What does this mean? Hardware support is rarely developed inside these organizations; what makes it seem like these groups would be a good home for this effort?

It makes sense to have a group of experts in a field (Apple hardware/firmware) contribute patches upstream, which is the exact system here. And Asahi have done an above and beyond job also maintaining their installation framework while carefully moving changes upstream as well.

1 comments

Well, after a while, the effort of maintaining and improving M-series kernel support should be directly be done by kernel maintainers, not within a fork with periodic merges (maybe some Asahi folks should become kernel maintainers).

Doing so would enabled mainstream distributions to provide maintainable M-series builds, with all that entails in terms of stability, enabling choice, maintenance or security fixes.

The whole fork + dedicated distribution made sense at the start of the project since it provided a playground for quickly iterating and experimenting (which is a no-no to do directly in the mainline kernel or in a major distribution).

But Asahi is still the only Linux on Silicon option after all these years, which is a bit worrisome. Asahi should have been a cool but temporary initiative.

At some point, the project will lose momentum and for its accomplishments to last, it should be merged into the general effort, i.e. drivers maintained directly in the Linux kernel, and the userland stuff made to be easily packaged and shipped by mainstream distributions.

This is... literally exactly what they are doing?

Of all of the reverse engineering related Linux efforts (and most corporate Linux efforts), Asahi have been the most methodical and relentless about upstreaming changes into the kernel and all of their upstream intermediaries (freedesktop/Mesa etc.), specifically so it's maintained, even at the detriment of the project velocity and contributor health.

Asahi is explicitly not supposed to be a fork + dedicated distribution long term and over time, the delta between Fedora Asahi Remix and Fedora has grown smaller and smaller.

> Asahi is still the only Linux on Silicon option

What do you mean?

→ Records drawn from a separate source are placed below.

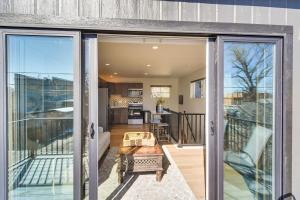 een glazen schuifdeur naar een balkon bij Modern Erie Home - Walk to Downtown! in Erie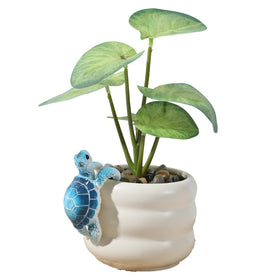 Yolev sea turtle planter charm for fences and railings.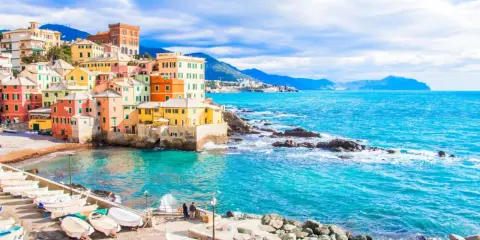 Case colorate a picco sul mare turchese, barche ormeggiate e un promontorio roccioso: un angolo di Genova che ricorda le sue spiagge più belle.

There are non-Fedora Remix distributions which incorporate the "edge" Asahi changes, like https://ubuntuasahi.org . And again, as more and more gets mainlined, it becomes increasingly plausible that many distributions will be able to support Apple Silicon "out of the box" without much special consideration.

I would have been happy if all that happened like 3 years ago.

Now, it's 5 years in, the Asahi effort is losing momentum. Core developers are going on to do other things, significant chunks (3922 commits) are still not merged upstream and no major distribution has an official build.

Sorry, but in my opinion, the project is at risk of becoming a dead and unmaintained branch.

Don't get me wrong, the Asahi team did an incredible job on this bloody difficult endeavor, but now is time to properly merge it and not let it go to waste.

It is a dying quail effort doomed from the start if those three ex Apple engineers could get a license from Arm to design chips it is still baffling why no one else across the whole wide world didn’t follow in their footsteps. There is a Linux market.

I’m just shocked that it has not happened. With all the money flying around for AI data-centers you would think that this would be a more worthwhile effort?

Where is the European effort in this area? I would think it would be a natural for something to come out of the EU in this area.

I feel like more money would not have helped that much. Maybe it would have enabled a few of the devs to work on it full time, but I doubt it would have brought more people into the project.

I would indeed love the EU to step in but not in the way you are probably thinking.

I would rather see such effort being made unnecessary through a law forcing the manufacturers to provide enough information/specification or even code for alternative/after-market OSes to be viable on the devices they produced.

And also, if possible, mandate a degree of standardization (looking at you Android phones and ARM SBCs) enabling commonality of efforts when supporting a device class.